Unless something significant and dramatic were to happen (and it could) within the last six hours of the trading day, Cardano’s July monthly candlestick will close as the second consecutive inside bar on the monthly chart.
Above: Cardano (ADAUSD)
Inside bars are identified as candlesticks that have the entire range trading ‘inside’ the range of the prior candlestick In other words, the monthly candlestick for July has a lower high and a higher low than June’s candlestick, while June has a lower high and a higher low than May’s candlestick, this pattern of two inside bars is known a “Squeeze Alert” as identified by Michael Thomsett in his fantastic book, “Bloomberg Visual Guide to Candlestick Charting.” The current pattern on Cardano’s monthly chart is known as the bearish version of the Squeeze Alert. This is what Thomsett wrote about this pattern:
“… is a three-session pattern offering a very strong reversal forecast. It consists of a white sessions followed by two sessions of either color. Session two opens and closes within the real body of sessions one, and session three opens and closes within the real body of session two. The result is the squeeze, an open/close declining range over the three days. The squeeze is rare, but when it appears it should be treated as one of the most compelling reversal signals.”
In his book, over 208 Japanese candlestick patterns are identified in Thomsett’s work, but few have such strong language describing how bearish this Squeeze Alert pattern can be. I’ve also drawn on Cardano’s chart a series of red trendlines in the shape of a diamond – a diamond top pattern. Another pattern expert – and perhaps the most well-known – Thomas Bulkowski identified the diamond top as one of the most bearish patterns in technical analysis and one with a very low failure rate. On a side note, I am referencing Bulkowski’s book, “The Encyclopedia or Chart Patterns,” and Cardano’s chart, in many ways is a textbook example of the images in Bulkowski’s book. For example, this is how Bulkowski describes some components and behaviors of the diamond top pattern:
1.Volume trend is receding, especially in the latter half of the formation when the price is narrowing.

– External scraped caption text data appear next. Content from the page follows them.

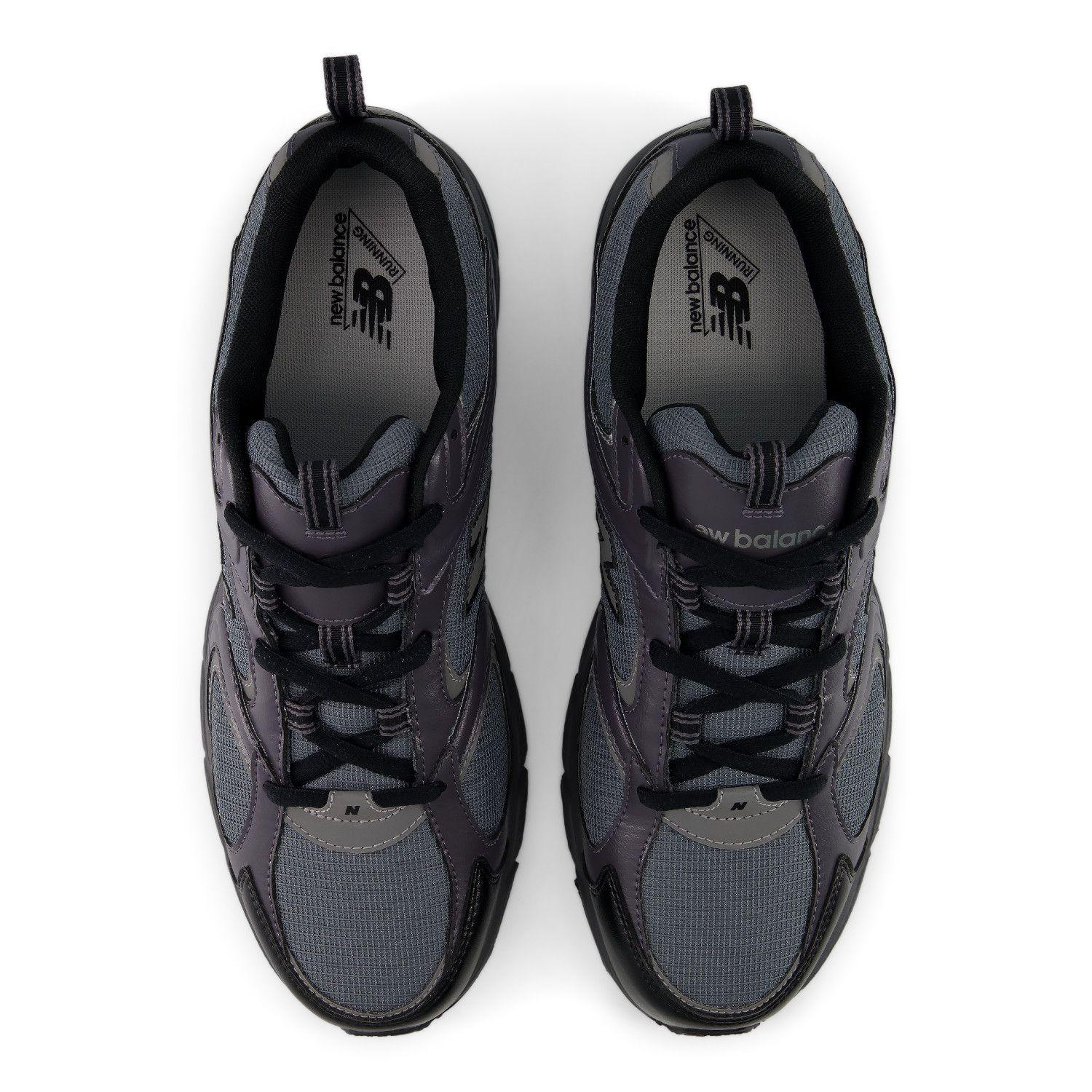 Zapatillas Urbanas Hombre New Balance 408 Grises/Negras-2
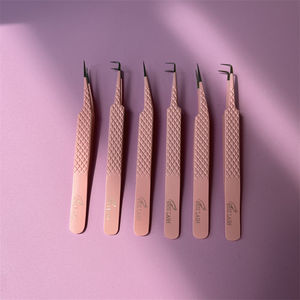 Pincettes de luxe multiples <span class=keywords><strong>couleurs</strong></span>, 1 pièce, meilleure vente, création de votre propre marque avec Logo Mega Volume, vesus - Product Image 6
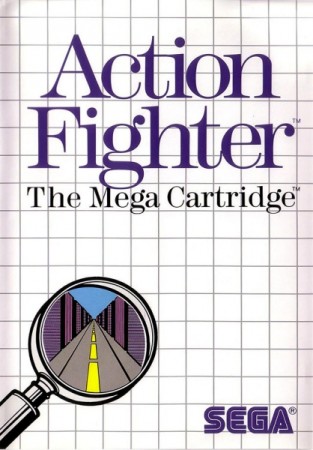 Action fighter - Master System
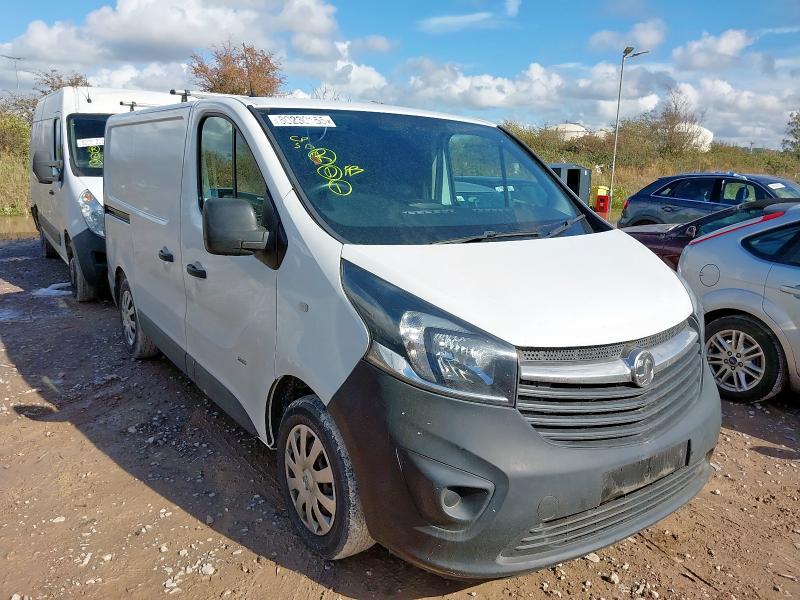 2016 VAUXHALL VIVARO 2900 BT CDTI ECOFL 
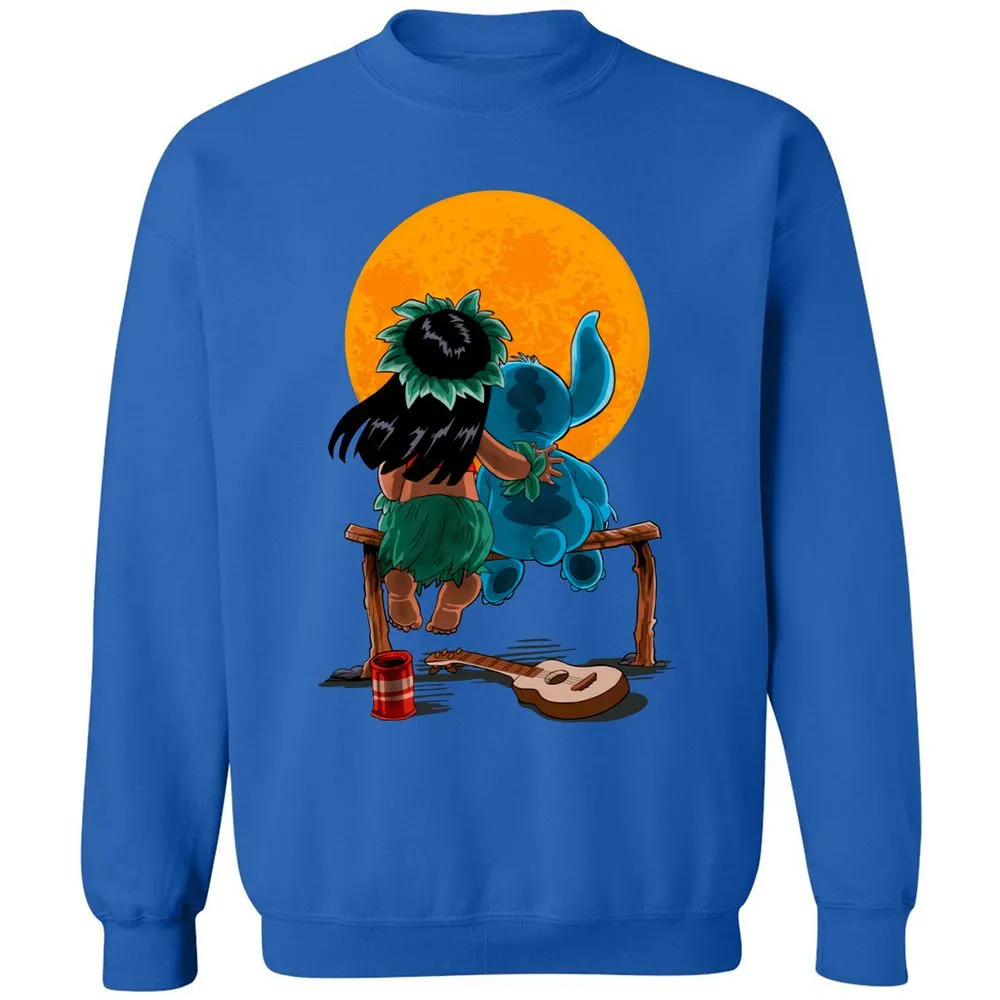 Classic Unisex Sweatshirt - WUSAJA11 - Royal - 9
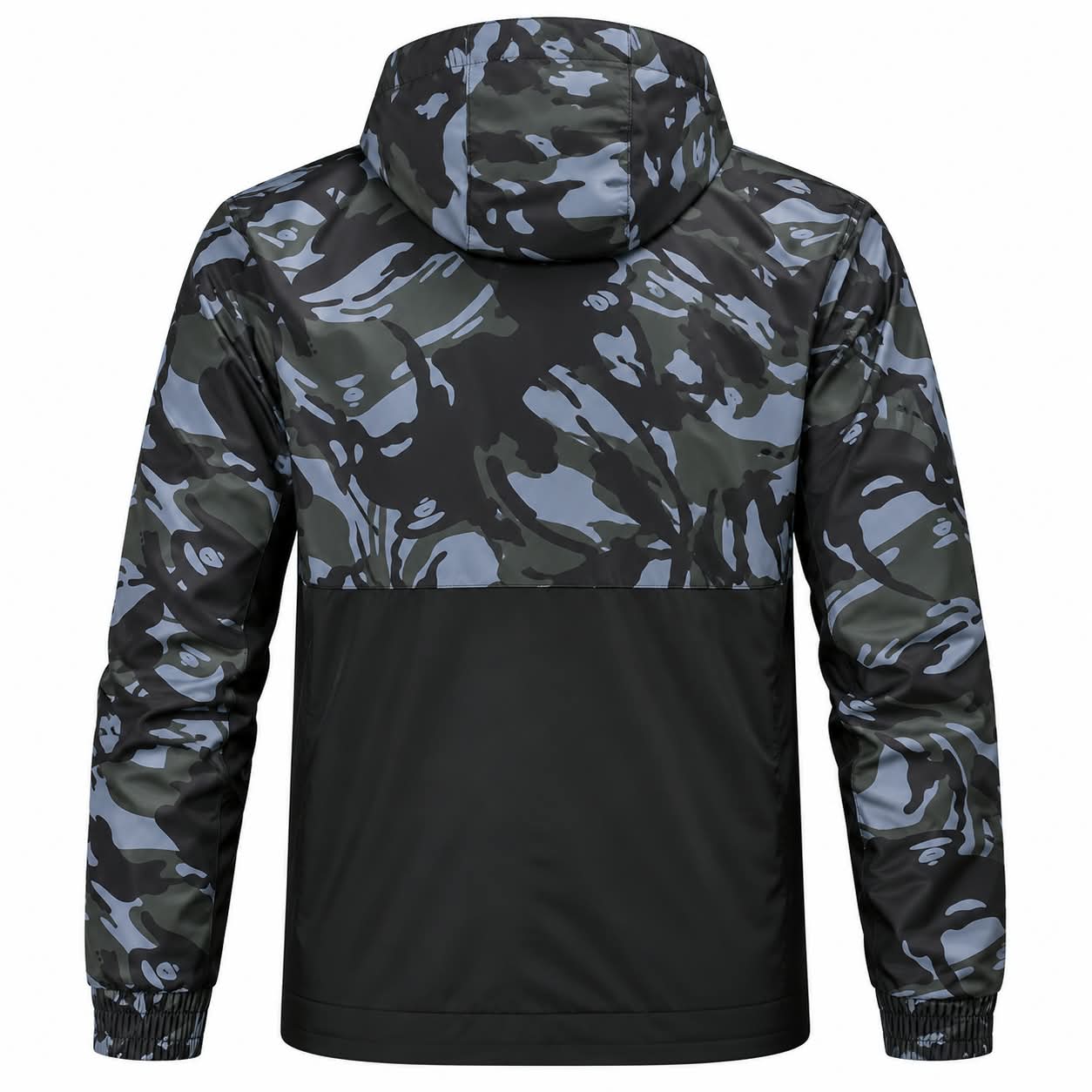 Custom Training Jackets – Premium Private Label & Bulk Sportswear Manufacturer – GFS-TJA-007 - Image 2
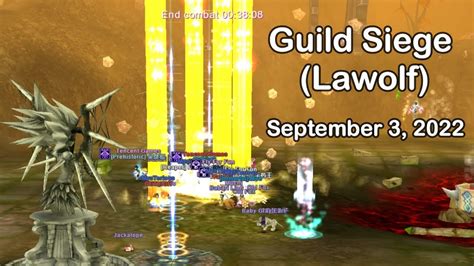 Guild Siege Lawolf September Flyff Universe Youtube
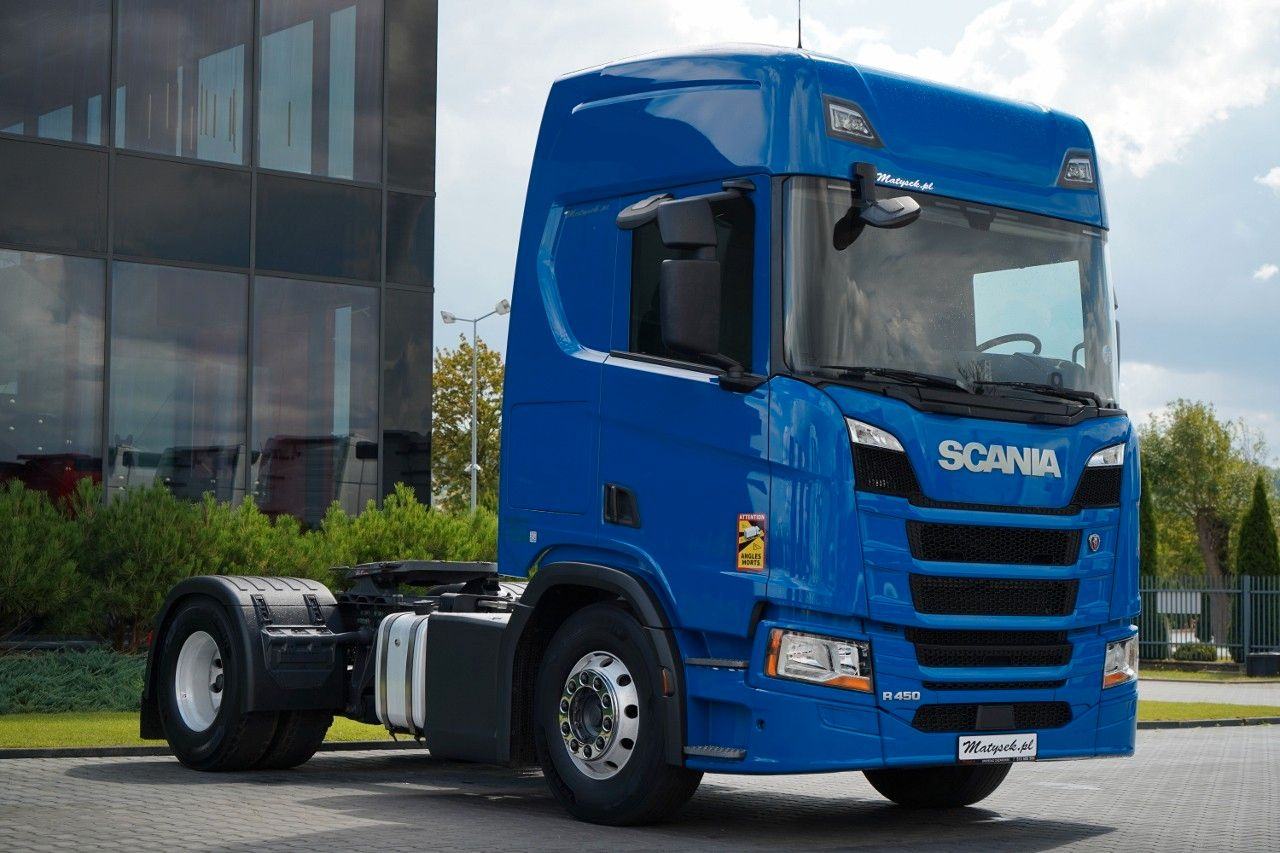 Scania R 450 / HYDRAULIKA / RETARDER / I-PARK COOL / AL - Vlačilec: slika 1 Scania R 450 / HYDRAULIKA / RETARDER / I-PARK COOL / AL - Vlačilec: slika 1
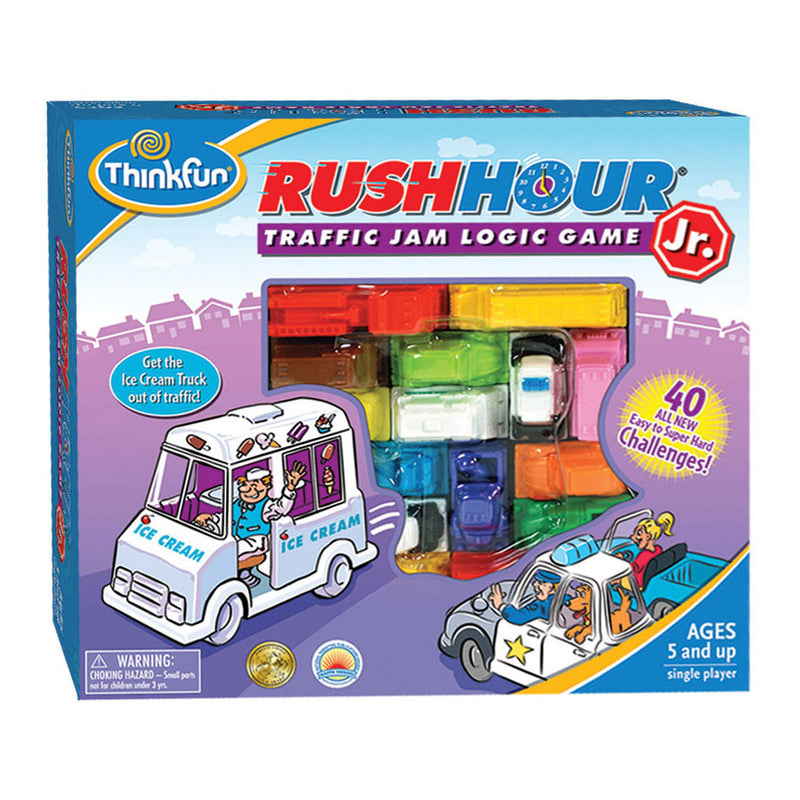 Afbeelding laden in galerijviewer, Ravensburger ThinkFun Rush Hour Junior Denkspel
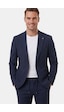 Deep Sea Deepsea Lacivert Premium Çizgi Dokulu Slim Fit Likralı 2 Li Erkek Takım Elbise 2600821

2.Prices trend up to the formation.
3.The average decline in a bull market: -21% (Bulkowski’l results are based on the stock market, but the results are important nonetheless).
4.Busted performance: too few samples to quantify in a bull market, and NONE in a bear market.
5.Bottom is generally found within 30 days.
In other words, August could prove to be an exceptionally bearish month and prolonged bearish month for Cardano. The light at the end of the tunnel is that Bulkowski noted that there is often a greater than 50% rally after the low has been found. And for you permabulls out there, know that a bullish breakout – while rare – is often extreme. If I see at least two consecutive weekly closes below the July low of $1.0073, then I would expect to see a very, very deep retracement to occur.